Description
Statistical tests of this type attempt to determine the likelihood that two
distribution functions represent the same distribution. Two empirical
distribution functions are mapped against each other, or a single empirical
function is mapped against a hypothetical (e.g., Normal) distribution.
Conclusions are then drawn about the likelihood the two distributions are
the same.
Performs following tests:
Kolmogorov-Smirnov Test (One Sample)
Lilliefors Test
Shapiro-Wilk Test
D'Agostino and Pearson Test
Smirnov Test
Detailed information about each test can be found in
'Statistical Tests offered' section.
Usage
td_ks_test_valib(data, dependent.column, ...)
Arguments
data |
Required Argument. |
dependent.column |
Required Argument. |
... |
Specifies other arguments supported by the function as described in the 'Other Arguments' section. |
Value
Function returns an object of class "td_ks_test_valib"
which is a named list containing object of class "tbl_teradata".
Named list member can be referenced directly with the "$" operator
using name: result.
Other Arguments
columns
Optional Argument.
Specifies a categorical variable with two values that
indicate the distribution to which the "dependent.column"
belongs.
Note:
Used only by the Smirnov test.
Types: Types: character OR vector of Strings (character)
fallback
Optional Argument.
Specifies whether the FALLBACK is requested as in the
output result or not.
Default Value: FALSE (Not requested)
Types: logical
group.columns
Optional Argument.
Specifies the name(s) of the column(s) for grouping
so that a separate result is produced for each value
or combination of values in the specified column or
columns.
Types: character OR vector of Strings (character)
allow.duplicates
Optional Argument.
Specifies whether duplicates are allowed in the
output or not.
Default Value: FALSE
Types: logical
stats.database
Optional Argument.
Specifies the database where the statistical test
metadata tables are installed. If not specified,
the source database is searched for these metadata
tables.
Types: character
style
Optional Argument.
Specifies the test style.
Permitted Values:
'ks' - Kolmogorov-Smirnov test.
'l' - Lilliefors test.
'sw' - Shapiro-Wilk test.
'p' - D'Agostino and Pearson test.
's' - Smirnov test.
Default Value: 'ks'
Types: character
probability.threshold
Optional Argument.
Specifies the threshold probability, i.e.,
alpha probability, below which the null
hypothesis is rejected.
Default Value: 0.05
Types: numeric
Statistical Tests offered
Kolmogorov-Smirnov Test (One Sample)
The Kolmogorov-Smirnov Test (One Sample) test determines if a dataset matches
a particular distribution (for this test, the normal distribution). The test
has the advantage of making no assumption about the distribution of data
(non-parametric and distribution-free). Note that this generality comes at
some cost: other tests (e.g., the Student's t-test) may be more sensitive if
the data meet the requirements of the test. The Kolmogorov-Smirnov test is
generally less powerful than the tests specifically designed to test for
normality. This is especially true when the mean and variance are not
specified in advance for the Kolmogorov-Smirnov test, which then becomes
conservative. Further, the Kolmogorov-Smirnov test will not indicate the type
of nonnormality, e.g., whether the distribution is skewed or heavy-tailed.

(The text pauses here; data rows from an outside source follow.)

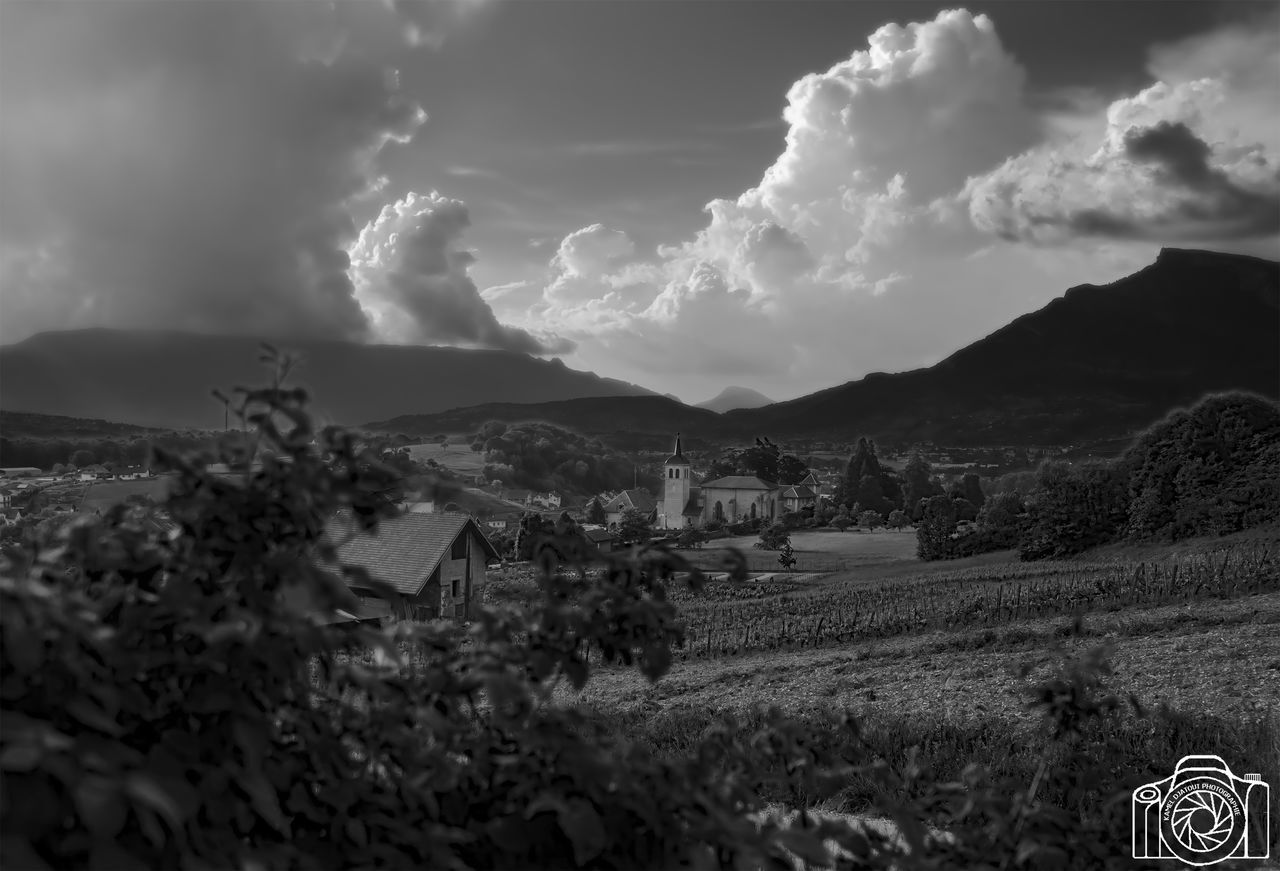 cloud - sky, sky, beauty in nature, land, environment, scenics - nature, plant, field, nature, mountain, landscape, architecture, no people, built structure, building, tranquil scene, tranquility, rural scene, building exterior, day, outdoors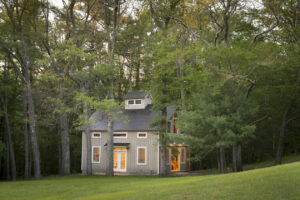 GeoBarns, Massachusetts Woodworking Barn, exterior landscape view, gray siding, lighting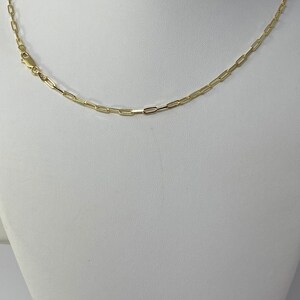 K&ouml;nnte beinhalten: Eine goldene Kettenkette mit einem einfachen, verlinkten Design. Die Kette befindet sich auf einer wei&szlig;en Mannequin-B&uuml;ste.
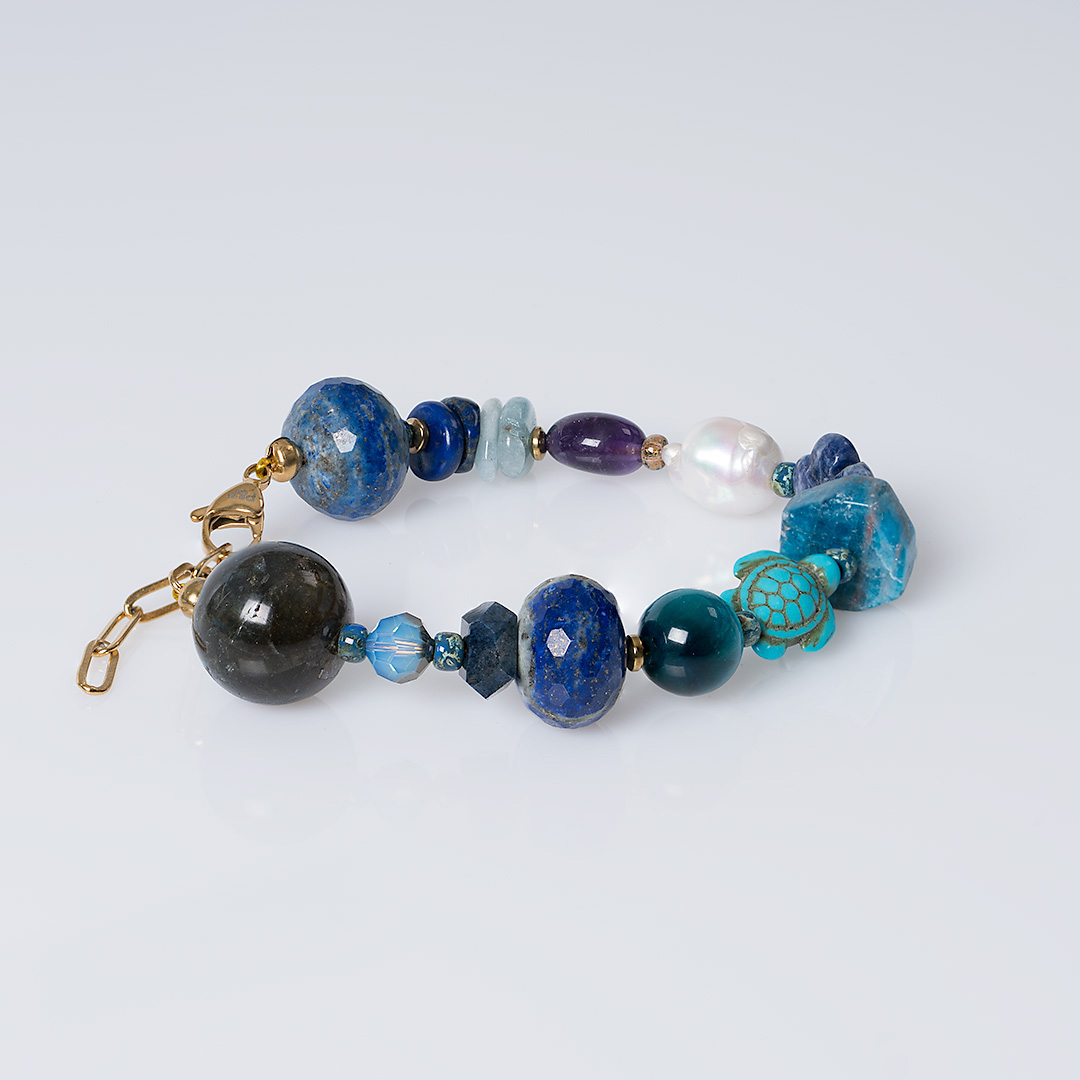 Chunky Heaven blauwe edelsteen armband met grote kralen in verschillende blauwtinten, parels en goudkleurige details.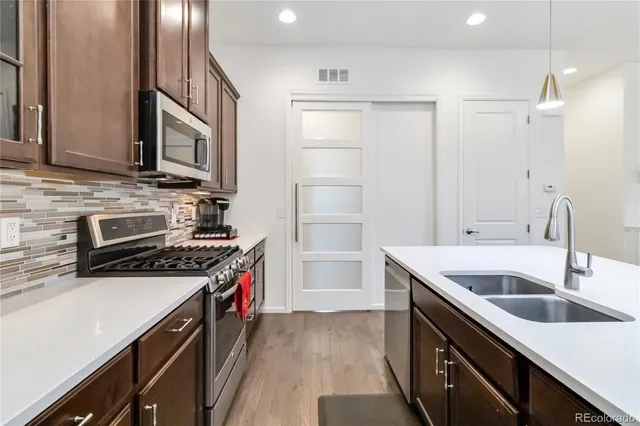a kitchen that has a sink and a stove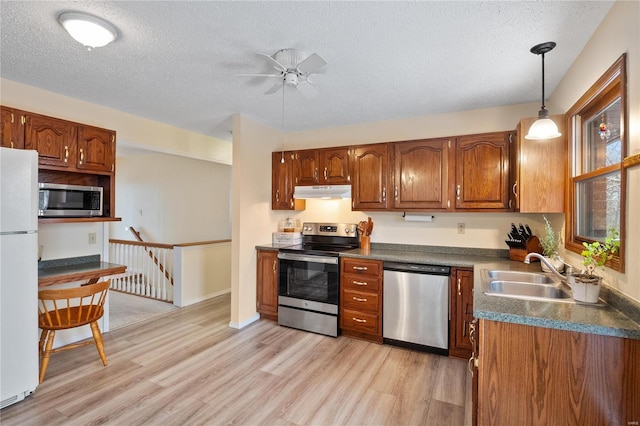 kitchen with a textured ceiling, stainless steel appliances, sink, pendant lighting, and light hardwood / wood-style flooring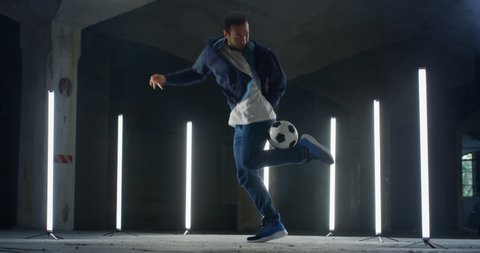 Cinematic shot of young arab freestyle soccer player is juggling sport ball with his knee and feet while training tricks of self-expression with football in underground parking with neon lights.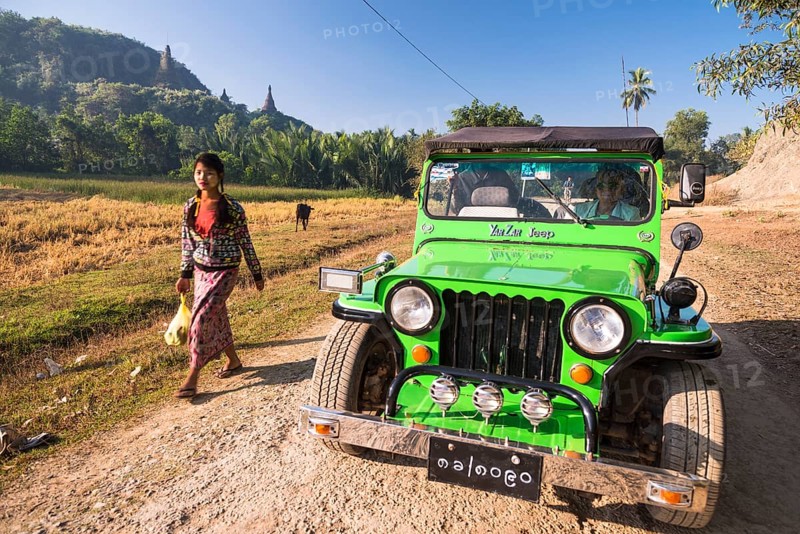 Woman walking next to a four-wheel drive vehicle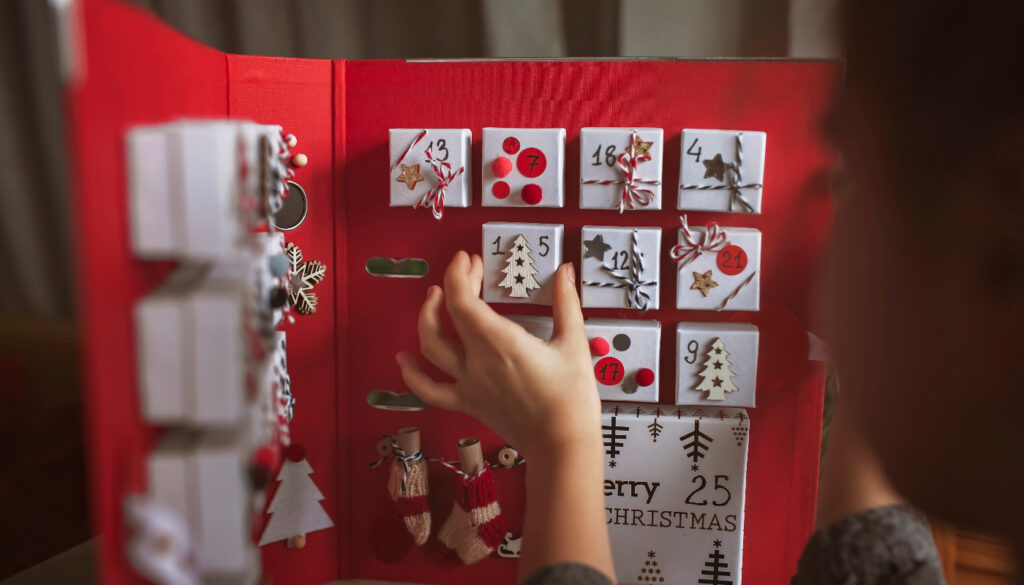 A child's hand reaching up to open a small door on a red, non-candy advent calendars for kids.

Examination of the skewness and kurtosis, and of the histogram, boxplot, and
normal probability plot for the data may show why the data failed the
Kolmogorov-Smirnov test.
You can specify group by variables (GBVs) so a separate test will be done for
every unique set of values of the GBVs.
Lilliefors Test
The Lilliefors test determines whether a dataset matches a particular
distribution. This test is a modification of the Kolmogorov-Smirnov test in
that a conversion to Z-scores is made. The Lilliefors test computes the
Lilliefors statistic and checks its significance. Exact tables of the
quantiles of the test statistic are computed from random numbers in computer
simulations, and the computed value of the test statistic is compared with
the quantiles of the statistic.
When the test is for the normal distribution, the null hypothesis is that the
distribution function is normal with unspecified mean and variance. The
alternative hypothesis is that the distribution function is nonnormal. The
empirical distribution of X is compared with a normal distribution with the
same mean and variance as X. It is similar to the Kolmogorov-Smirnov test,
but it adjusts for the fact that the parameters of the normal distribution
are estimated from X rather than specified in advance.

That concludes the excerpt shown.